■ **GOAL OF THE EXERCISE**:
Beginning at the line containing "Boucheron Bague Axelle", give again every line through the end of the data, unchanged and with both ends included. Drop any pictures.

Caption-style text data
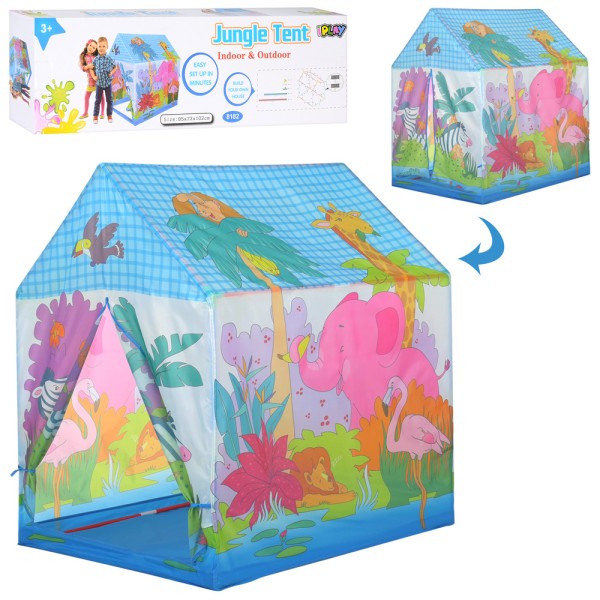 Намет дитячий ігровий 0640-2 будиночок, джунглі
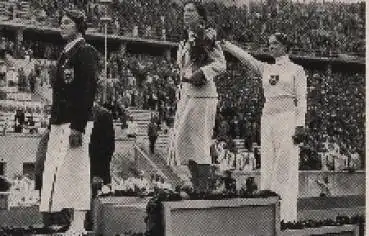 Olympische Spiele 1936 Florettfechten, Ellen Preis, Ilona Elek-Schacherer, Helene Mayer Sammelbild, keine AK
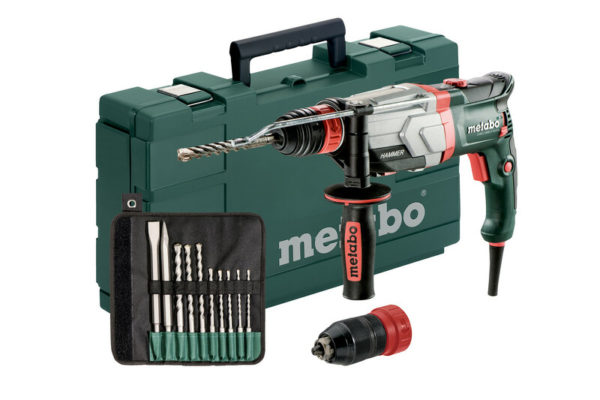 Metabo UHEV 2860-2 Quick Set SDS-Plus Combihamer Incl. 10 Delig Boor- En Beitelset In Koffer - 1100W - 3.4J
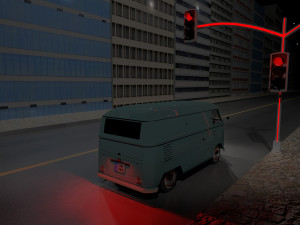 traffic lights with led 3D-Modell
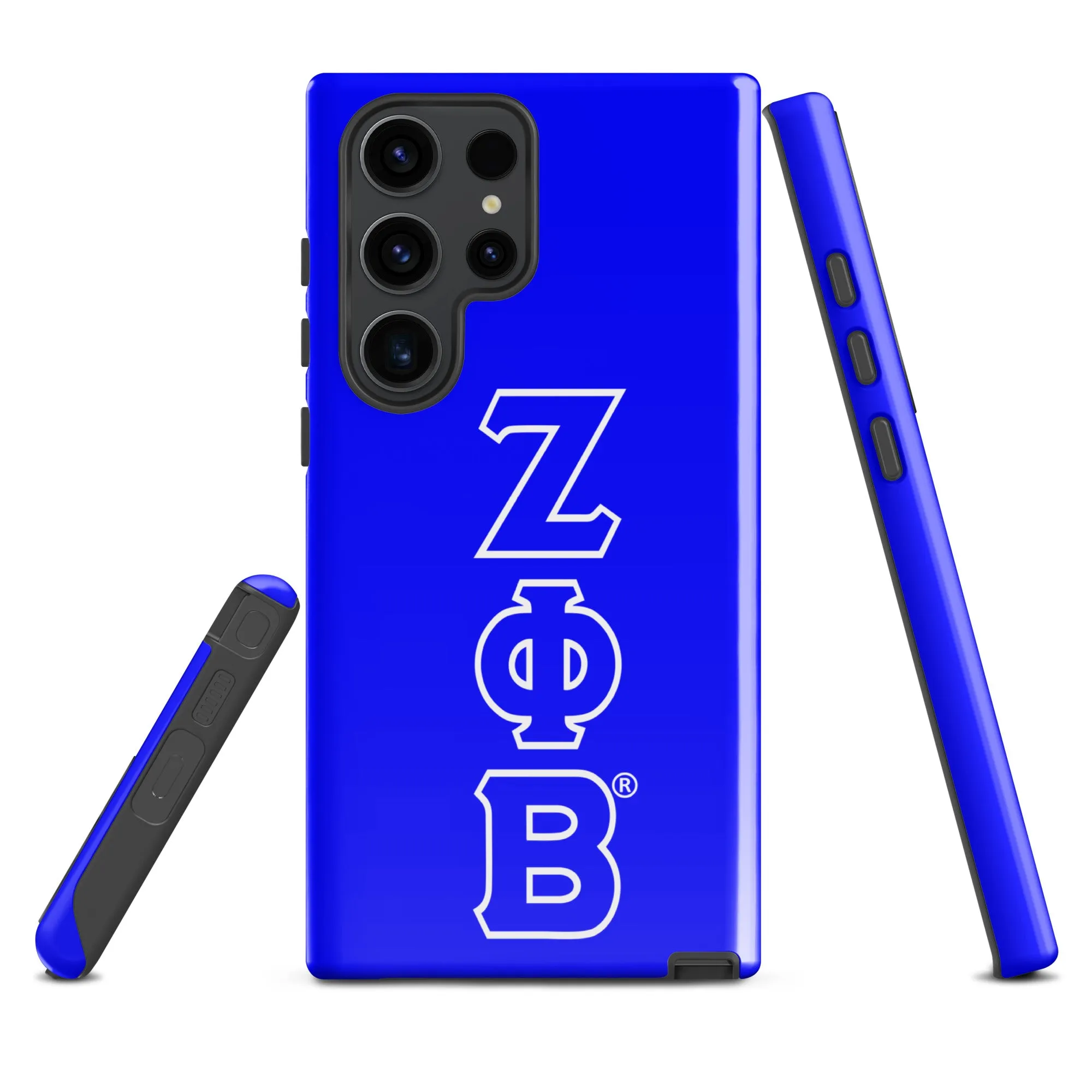 Blue ΖΦΒ Samsung Case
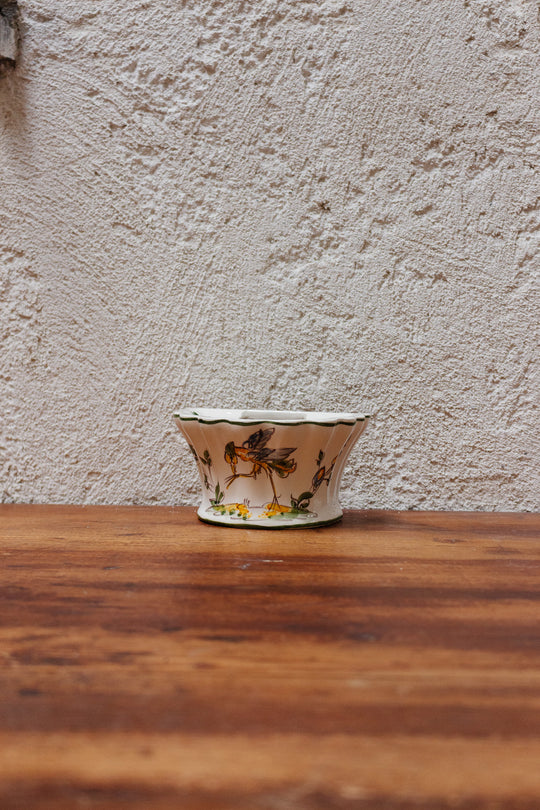 vintage french moustiers bouquetière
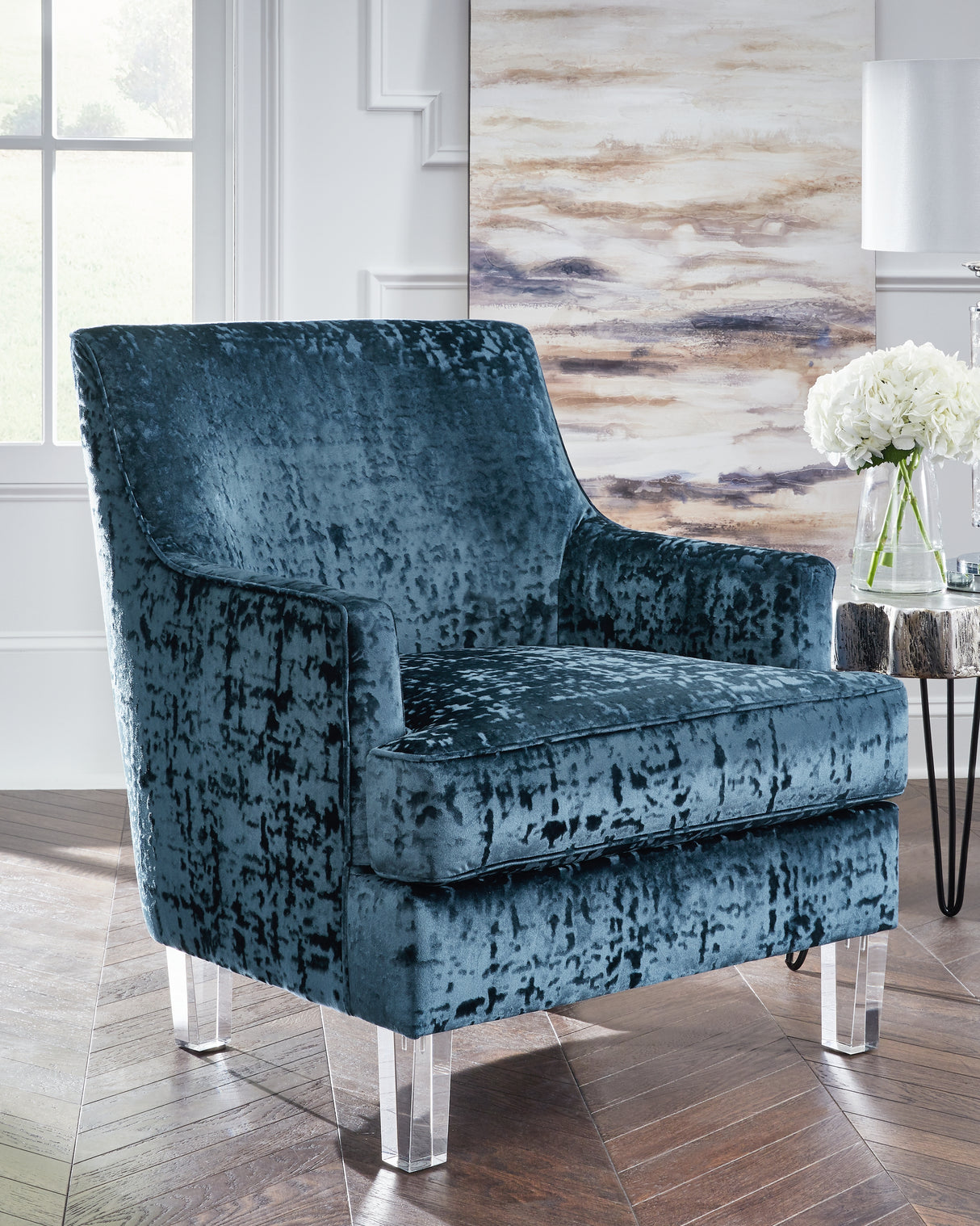 Nashville Furniture Outlets - Ashley Furniture - Gloriann Accent Chair - Accent Chair / Lagoon - A3000103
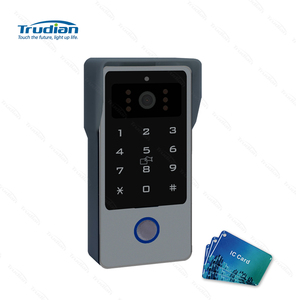 Trudian usine vidéo porte téléphone enregistrement de mouvement RFID déverrouiller Wifi 2 fils Vision nocturne porte téléphone deux écrans interphone vidéo - Product Image 2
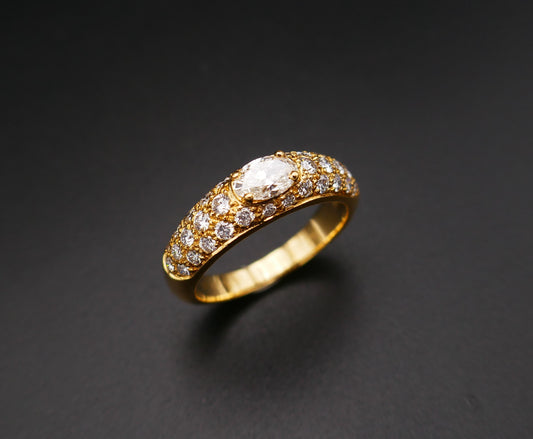 Boucheron Bague Axelle Diamants, Or Jaune 18 Carats.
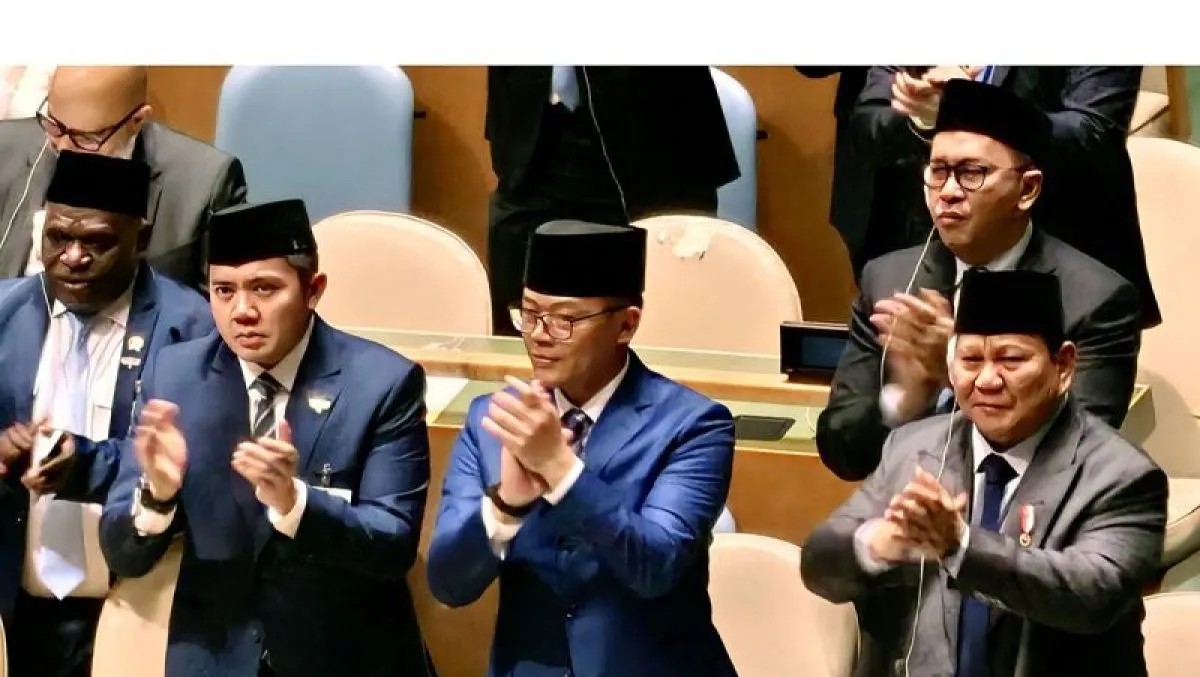 Prabowo "standing ovation" saat Macron nyatakan Prancis akui Palestina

■ **RESULT BELOW**:
 Boucheron Bague Axelle Diamants, Or Jaune 18 Carats.
 Prabowo "standing ovation" saat Macron nyatakan Prancis akui Palestina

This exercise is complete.